Sa compagne, Céline, est une votante irrégulière: "clairement, je n’ai pas voté sur les dernières élections". Ce qui n’exclut pas des discussions politiques en famille: ne pas voter n'empêche pas d’avoir un avis, souligne Muriel Ferrara.
Toucher les jeunes
Parmi les abstentionnistes, les jeunes sont souvent les plus représentés. A Genève, canton qui élira ses représentants au printemps 2023, les étudiants rencontrés devant l’université confirment cette tendance: beaucoup sont des votants irréguliers.
"Ca m’est arrivé de voter, mais ça fait longtemps que je n’ai plus rempli un bulletin", explique Stan, rencontré dans le parc voisin d’Uni Mail. "Je n’aime pas voter sur des objets que je ne connais pas. Parfois, il y a des choses qui ne me concernent pas". Mais il admet que parfois, c’est simplement par oubli qu’il ne participe pas.
A ses côtés, deux autres étudiants d'une vingtaine d'années, qui n’ont pour l'instant jamais voté. "On n'est pas très fiers de nous", précise Franceso. Maxime évoque aussi le rôle de l'entourage, notamment familial: "on ne me pousse pas à voter".
La solution internet ?
L’ancienne députée verte Paloma Tschudi a elle "toujours été très votante", bien incitée par sa famille, plutôt politisée. Elue au Grand Conseil genevois en 2018, à moins de 30 ans, elle l’a quitté deux ans plus tard. Elle ne regrette pas cette période, mais admet que c'était "un peu une désillusion".
"Mes rêves de militante ont été un peu gâchés par la présence de tant de personnes qui étaient là plus par prestige que par militantisme". Selon elle, cela peut contribuer à décourager certains jeunes de voter. Tout comme la lenteur inhérente à la politique: "La jeunesse demande aujourd'hui que ça aille plus vite". Avec sa casquette d’enseignante, elle essaie de faire en sorte que les jeunes "développent la culture de la politique et du vote".

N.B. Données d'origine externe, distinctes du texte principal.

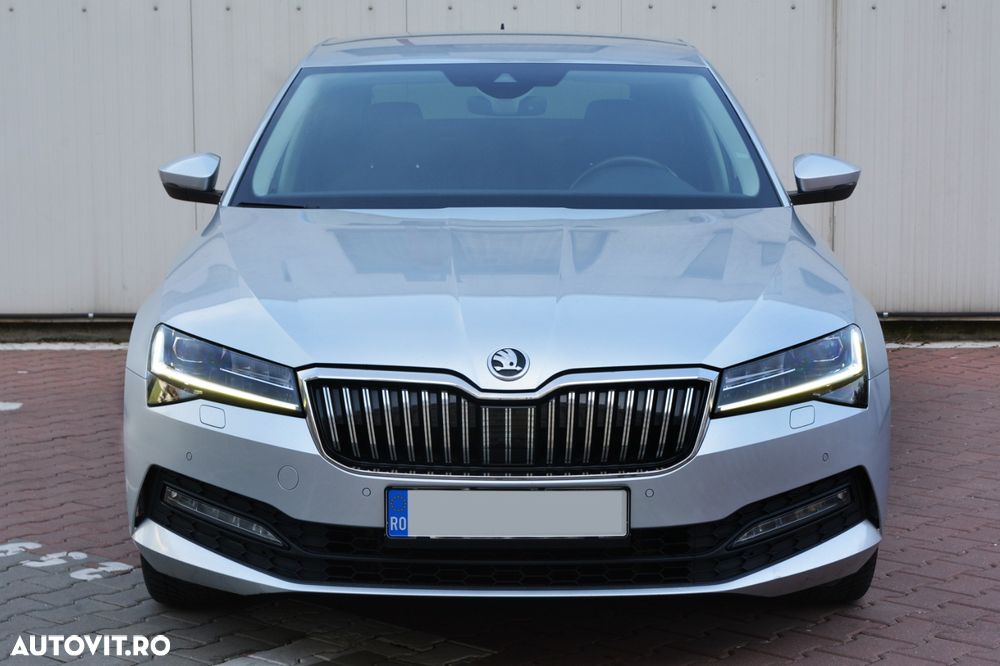 Skoda Superb 2.0 TDI DSG Ambition - 9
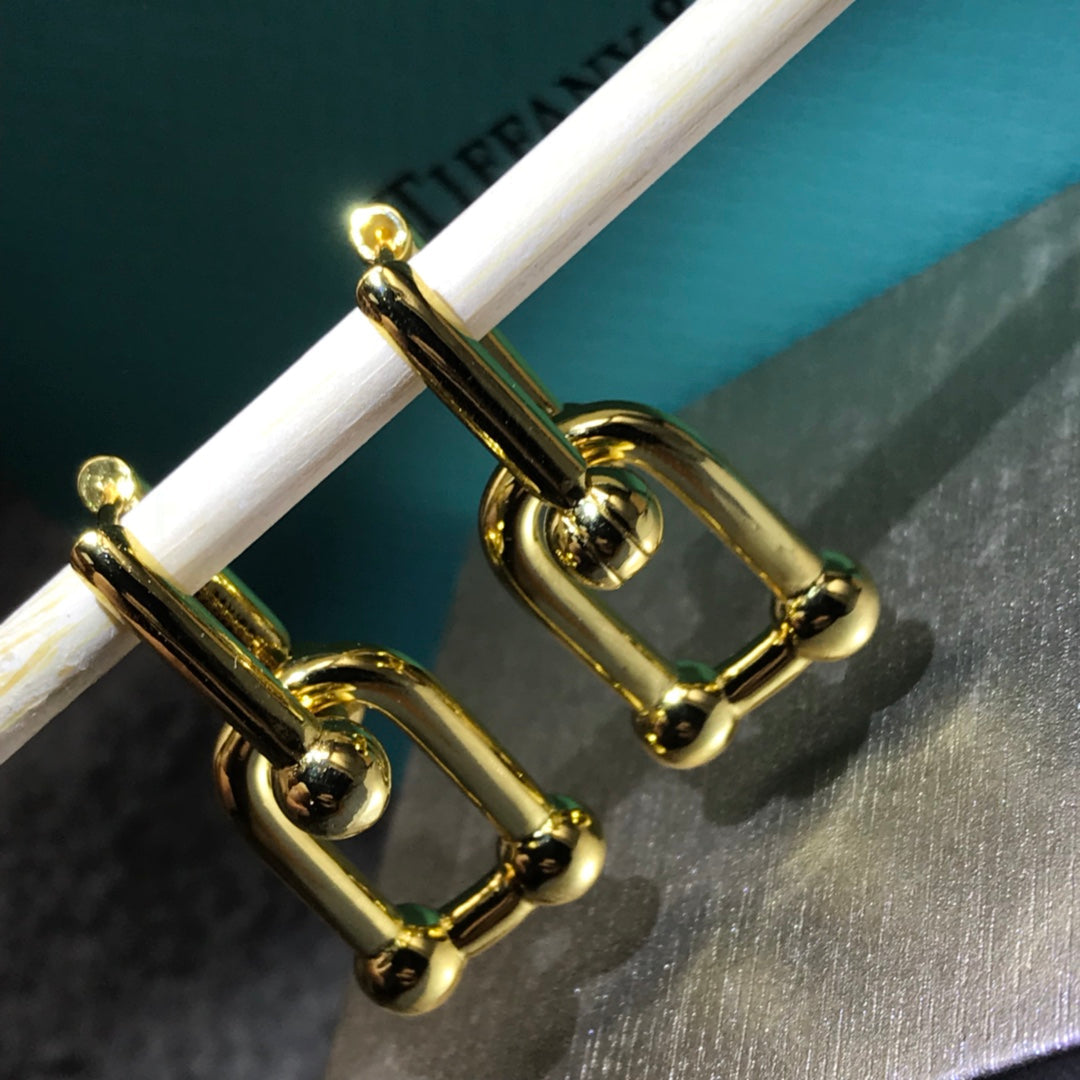 {
  "⭐JeweliWhal": "ハードウェア ドロップ ピアス ダブルリンク"
}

Pour Francesco, une solution peut venir de l’accessibilité du vote: "faire un vote électronique, qui prend moins de temps, pourrait rendre les choses plus évidentes". Stan abonde dans le même sens: "voter depuis son téléphone, probablement que je le ferais, si c’est plus rapide". L’intégration dans la vie active le poussera peut-être à s’intéresser davantage. Mais, à ses yeux, le changement doit surtout venir de lui: "le principal truc, c’est qu’il faut que je me réveille!"